**What is needed:** Take the lines from the one containing "imageORAZIO Cufflinks For" through the final line below and restate them exactly. Omit the pictures.

**Data extract:**

-*-

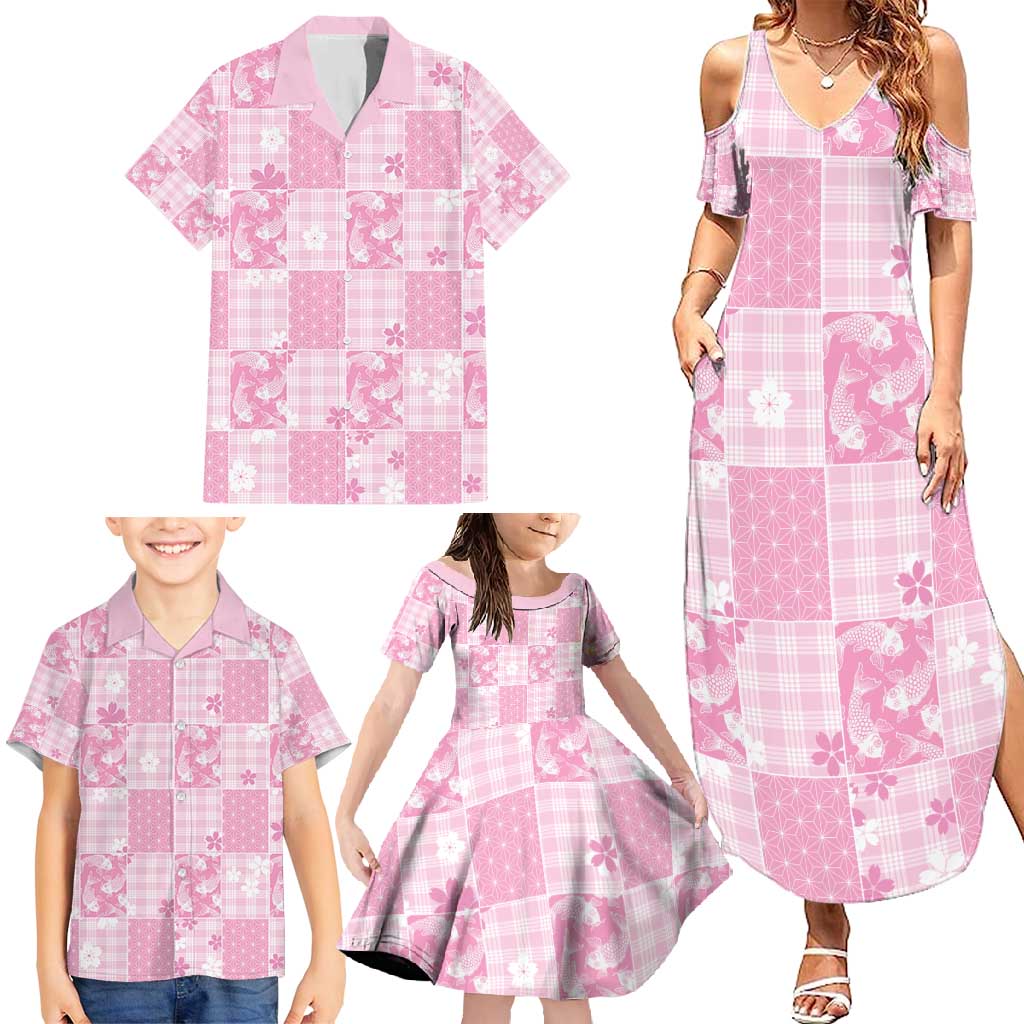 Pink Palaka Japanese Patterns Family Matching Summer Maxi Dress and Hawaiian Shirt Koi Fish Asanoha Sakura Patchwork Stylized - Polynesian Pride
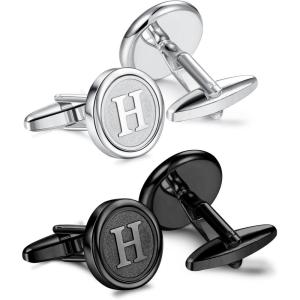 imageORAZIO Cufflinks For Men Engraved Initials Cufflinks Silver Black Set Stainless Steel Tuxedo Shirt Cuff Links Letter Alphabet AZ Gift With Box For WeddingDadGroomGroommenHusbandH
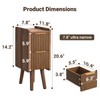 ELYKEN Narrow Side Table, Fluted Nightstand with Drawers, Wooden Small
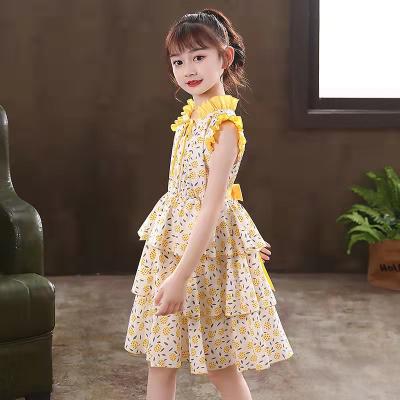 China 2021 summer new style lace sleeve printing fungus dress Anti-wrinkle girls' dresses in big children's floral dress for sale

-*-

**Completed exercise:**
 imageORAZIO Cufflinks For Men Engraved Initials Cufflinks Silver Black Set Stainless Steel Tuxedo Shirt Cuff Links Letter Alphabet AZ Gift With Box For WeddingDadGroomGroommenHusbandH
 ELYKEN Narrow Side Table, Fluted Nightstand with Drawers, Wooden Small
 China 2021 summer new style lace sleeve printing fungus dress Anti-wrinkle girls' dresses in big children's floral dress for sale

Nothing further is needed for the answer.